Information provided =>

BEGIN

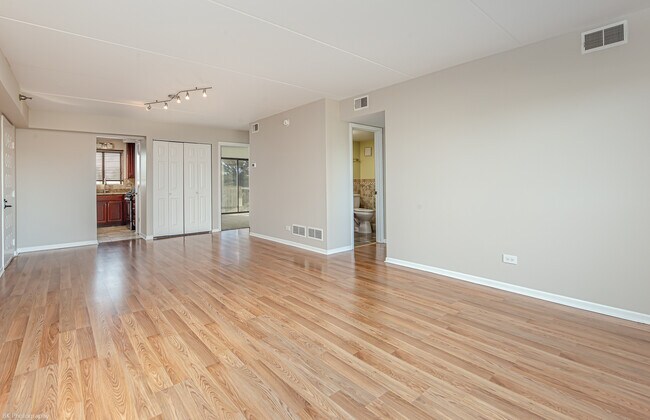 Building Photo - 5970 Lake Bluff Dr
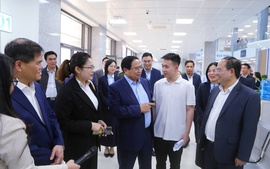 Sớm có chính sách nâng mức phụ cấp đặc thù cho cán bộ, công chức, viên chức Trung tâm hành chính công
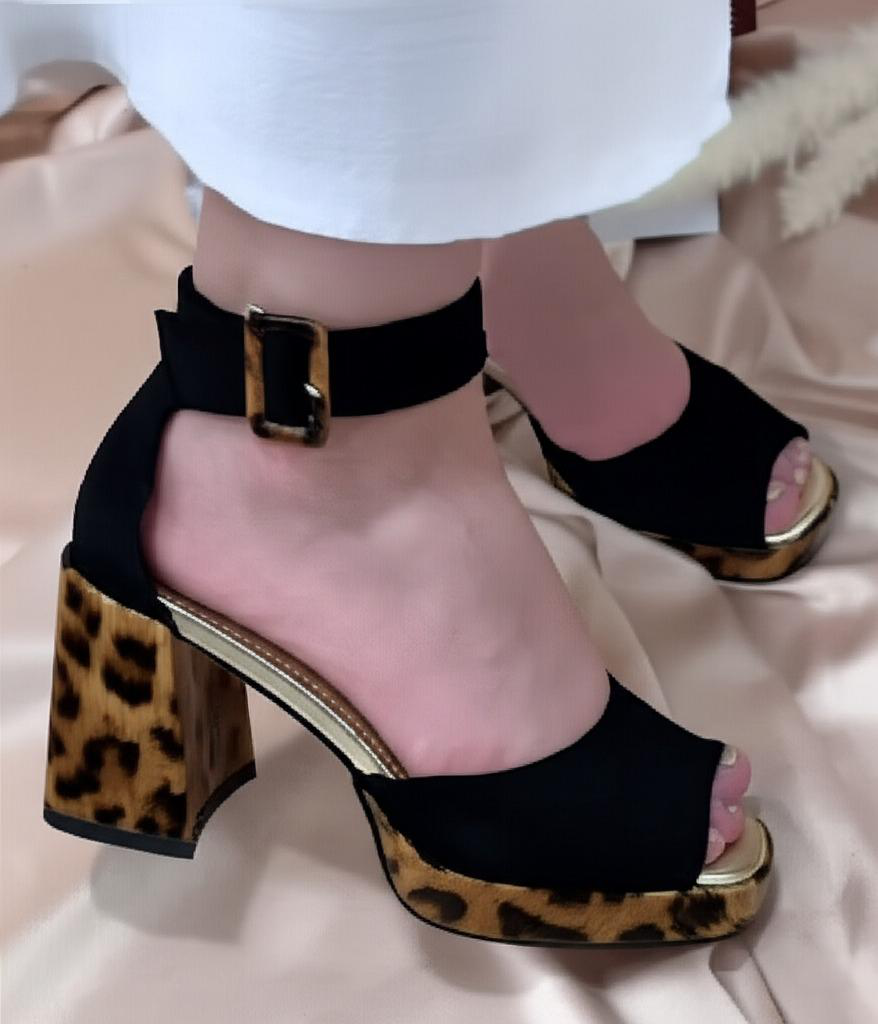 Print Block Heel Slingback Sandals Product Information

END

What to do => Set down the material once more, exactly, with the pictures omitted.

Result for this task =>
 Building Photo - 5970 Lake Bluff Dr
 Sớm có chính sách nâng mức phụ cấp đặc thù cho cán bộ, công chức, viên chức Trung tâm hành chính công
 Print Block Heel Slingback Sandals Product Information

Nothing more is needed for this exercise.